**WORK ITEM:**
When you repeat the listing below, keep every word exactly and leave out each picture.

**COLLECTED DATA:**
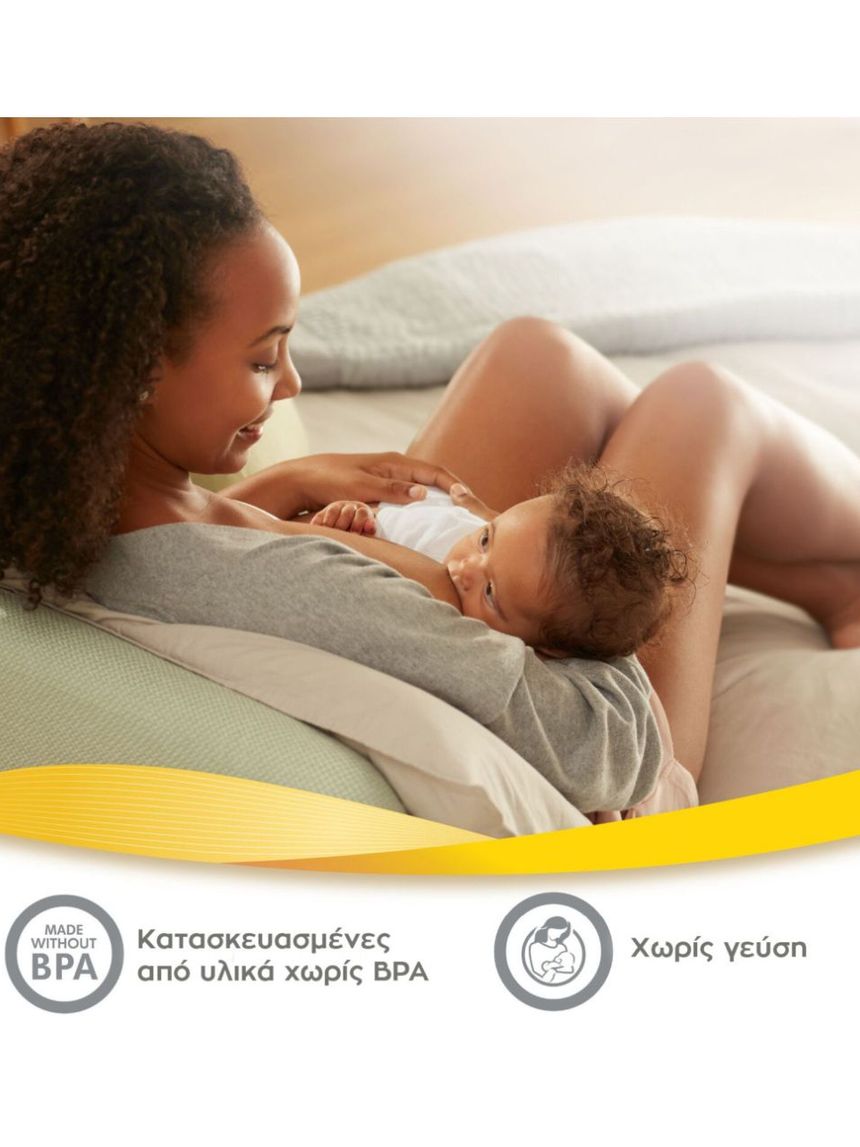 Medela ψευδοθηλές contact™ nipple shields (small) 2τμχ - Medela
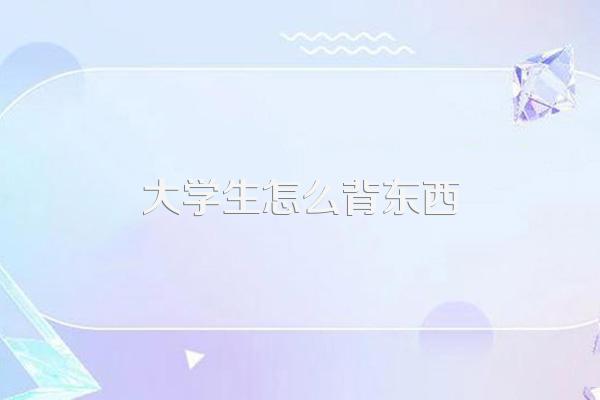有哪些适合大学生的背书方法?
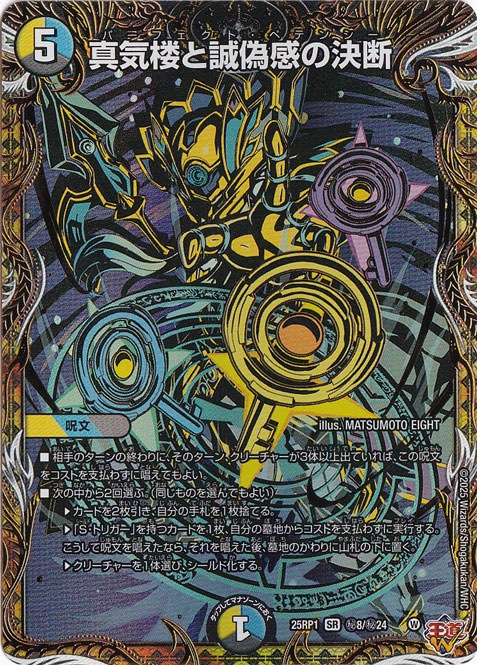 ☆特価中☆　真気楼と誠偽感の決断 [25RP1] SR 秘8/秘24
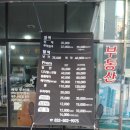 미르인쇄출판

**OUTPUT BELOW:**
 Medela ψευδοθηλές contact™ nipple shields (small) 2τμχ - Medela
有哪些适合大学生的背书方法?
 ☆特価中☆　真気楼と誠偽感の決断 [25RP1] SR 秘8/秘24
 미르인쇄출판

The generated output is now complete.